The first time we talked was a few months ago in school, but that lasted for just a couple of minutes, as she had to go.

But today, we both had two classes cancelled because our teachers went on some seminar. We didn't feel like going home yet, so we staid at school.

And so we sat on the couches in the school lobby facing each other, alone, just the two of us, and we talked, and we talked and talked, For a *Long* time. I've never felt anything like that before, never have i felt more free when talking to someone. I normally just try to stutter myself through a conversation, anxiously waiting for it to get over. But this time it was actually fun. She was smiling, we were often laughing, she would move herself closer to me, something that no girl has *ever* done around me.

I guess it might be because we have many things in common, but i know many people who also have many things in common with me, and one example would be the girl i asked out in my school a week ago. but talking to her just feels wrong. We can never get a conversation going. I made a bad decision, i wish i had asked out this girl instead. Talking to her just feels wonderful, it's beyond explanation, really.


----------



## hickool (Jun 19, 2009)

Well done! Sounds like you love her already. Go for her before someone else does.


----------



## millenniumman75 (Feb 4, 2005)

Face it, SAnonimous, you are worthy of getting to know! :lol


----------



## SAnonimous (Mar 20, 2014)

hickool said:


> Well done! Sounds like you love her already. *Go for her* before someone else does.


As i explained in the end of my post, i already asked out a girl from my school a week ago, who i really... uhh... like(d)? (we have a project together this year.) and she agreed to go out with me but the problem is that she has showed absolutely 0% interest in me. Never texts, never calls, etc. Also our conversations are awkward and always short.

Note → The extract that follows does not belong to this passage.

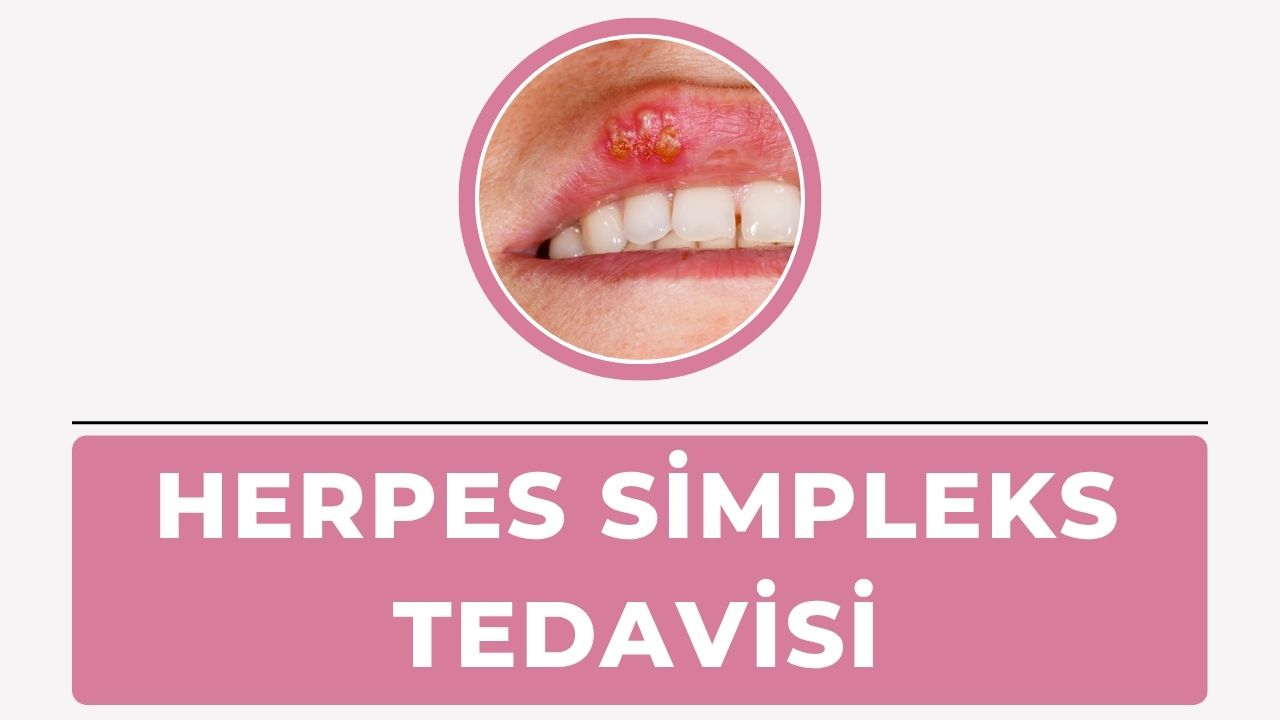 Herpes Simpleks Tedavisi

I'm in a situation where i would have to dump her so i could ask this girl, who i talked to, out. But they are close friends.

This is a situation i'd rather not be in.


----------



## TicklemeRingo (Jan 11, 2013)

Congrats


----------



## Haunty (Oct 24, 2008)

SAnonimous said:


> As i explained in the end of my post, i already asked out a girl from my school a week ago, who i really... uhh... like(d)? (we have a project together this year.) and she agreed to go out with me but the problem is that she has showed absolutely 0% interest in me. Never texts, never calls, etc. Also our conversations are awkward and always short.
> 
> I'm in a situation where i would have to dump her so i could ask this girl, who i talked to, out. But they are close friends.
> 
> This is a situation i'd rather not be in.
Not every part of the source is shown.